In place of location, the different time zones became the order of the event. Night and day were about to mesh as each of us sought out a terminal from which to transmit our words and image, our thoughts and feelings: Mama and our youngest had to go to an internet cafe, our eldest and I each had an accessible PC from home.
Like any pioneer endeavor, we spent a great deal of time and effort stumbling though the technical set-up. With help from shop assistants, Mama was the first to broadcast her image and voice. I was smiling from ear to hear seeing her with a rather large headset clumping on her ears. And the microphone curving outwards to her lips made her seem like a burger joint crew captain or Madonna in concert.

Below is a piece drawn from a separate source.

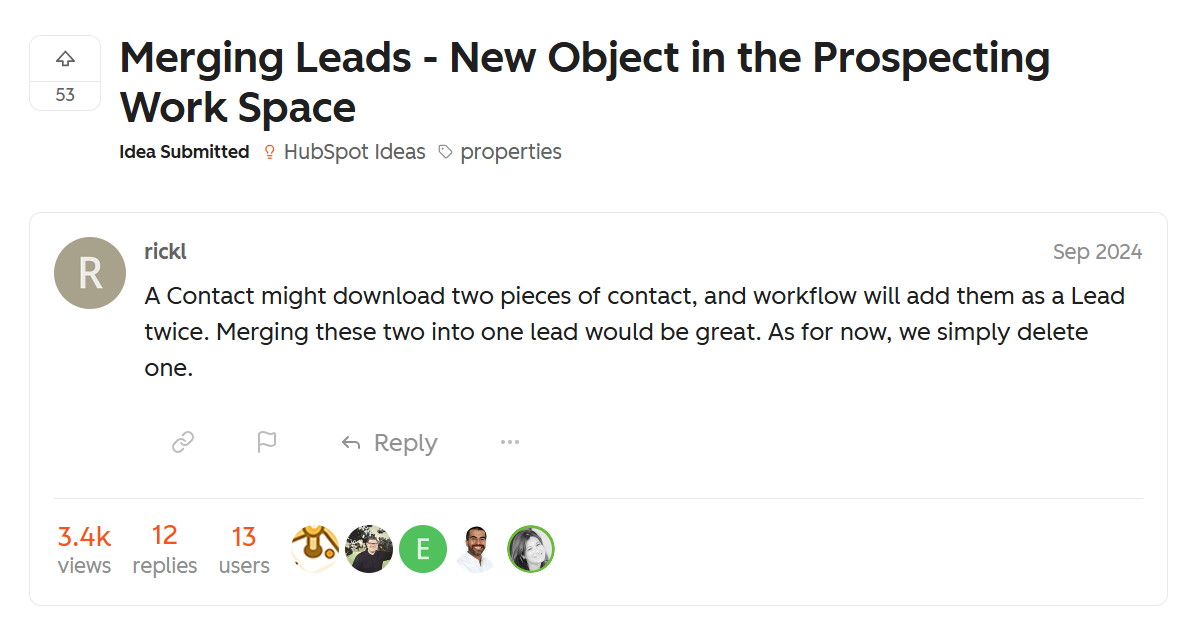  HubSpot lead record with no merge option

In between configuring our respective pieces of chilly metals and hard plastic, our mother, being virtually on top of it all, was regulating the conversation. My sisters were simultaneously conversing with her while integrating their hardwares and softwares. No sooner was everyone transmitting spoken words and streaming images - everyone but me. Unfortunately, my audio and video were not in their optimal functionality. I can hear and see them all but they couldn't do likewise with me. I was digitally detached. So, the keyboard became my tool and encoded language my format. My words will have to be typewritten in response to theirs spoken.
They were all quite dismayed at my technological disadvantage. In the vastness of the internet universe, the only thing Mother planet wanted was to see and hear her terestrially distant yet emotionally proximate sattelites. Seeking reassurance, she asked me if I could hear and see her. I inscribed, "Iyo po, Mama, dangog ta 'ka, hiling ta 'ka." (Yes, Mama, I can hear you, I can see you.) She looked wondrously into the monitor and uttered the words that seemed to have magically appeared onscreen. When she got to the last word, she sat in silence and swelled with tears of joy.
So, there we were in different parts of the world conveying to each other through the internet our significant joys and pains, our little triumphs and defeats, our current issues and concerns; I, in particular, communicating with my fingers. From then on, our web conferences had become a constant electronic affair averaging twice a month, with our four-way audio-video interface in full technical functioning.
It's amazing how technology touches human lives, how it enables us to transcend cold hardware and insentient software and transmit emotions. In certain ways, technology does brings people closer together. How it equips us to navigate our way to other people's hearts is nothing short of awe-inspiring.